TRANSITION OF THE ERC TO HORIZON EUROPE - OPERATIONAL CONSIDERATIONS

The ERC’s mission and funding principles have been fully maintained by the European Union (EU) Parliament and Council during the negotiations on Horizon Europe, the successor programme to Horizon 2020. The ERC Scientific Council acknowledges this fact with satisfaction as it is in line with its position paper on that matter. Consequently, it is working to ensure a smooth transition of the ERC to Horizon Europe, which is expected to start in January 2021 and cover the period until the end of 2027.

With this information note, the ERC Scientific Council is sharing its tentative planning for the 2021-2022 ERC calls for proposals. This note also presents some of the main novelties it is considering to introduce in its effort to continuously ensure world-class peer review evaluation. These adjustments are part of a broader reflection and adaptation process engaging both the Scientific Council and the ERC Executive Agency, the Dedicated Implementation Structure serving the ERC. This process is expected to continue in the coming years.

Planning of 2021-2022 calls for proposals

As in previous transitions between consecutive EU research and innovation framework programmes, the calendar of the calls in the initial year of Horizon Europe may differ from the calendar of 2020 calls for proposals.

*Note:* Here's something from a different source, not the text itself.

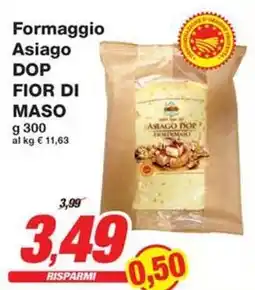 Prix Quality Formaggio Asiago DOP FIOR DI MASO offerta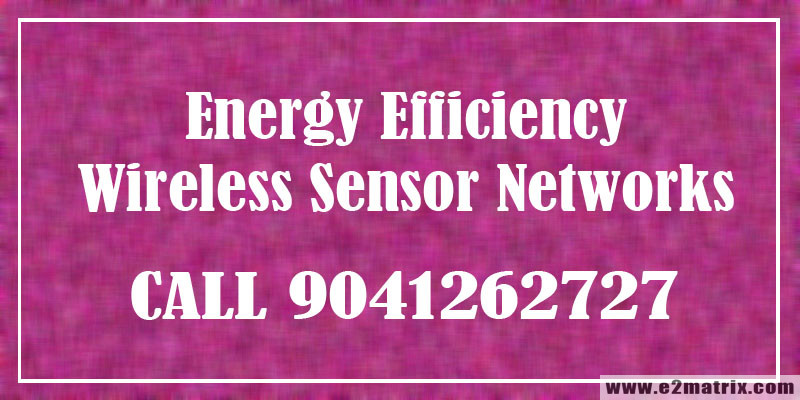 Energy-Efficiency-in-Wireless-Sensor-Networks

All mono-beneficiary ERC calls (Starting, Consolidator, Advanced Grants, PoC) are expected to be launched in 2021 and 2022, but their opening and closing dates will be shifted so that the first calls will be launched only in January 2021. The Scientific Council expects the call schedule to be back to the usual opening and closing timeframes by mid-2022.

The modified planning will likely not include a Synergy Grant call in the ERC Work Programme 2021. This call will probably be included again in the Work Programme 2022. The Scientific Council’s intention is to launch this call in the summer of 2021 with a deadline in November of the same year.

Any shift in the calls timetable is not expected to affect the eligibility periods of candidates applying for ERC Starting and Consolidator Grants. These eligibility periods are based on the time elapsed between the date of the first PhD of the applicant and the 1st of January of the budget year to which the Work Programme refers. The possibility to extend these eligibility periods in individual cases for specific reasons, as established in previous work programmes, is expected to be retained.

ERC panel structure

The Scientific Council continues its mandate to ensure a world-class peer review system based on fully transparent, fair and impartial treatment of all proposals. Therefore, it is planning to introduce several changes to the structure of the ERC evaluation panels, which are laid out in the work programmes year after year. As science constantly evolves, such a revision process is constantly ongoing. The Scientific Council continuously monitors the balance between panels in terms of the number of proposals assessed in each call, the disciplinary coherence within and across panels, and the place of interdisciplinary research in the panel structure.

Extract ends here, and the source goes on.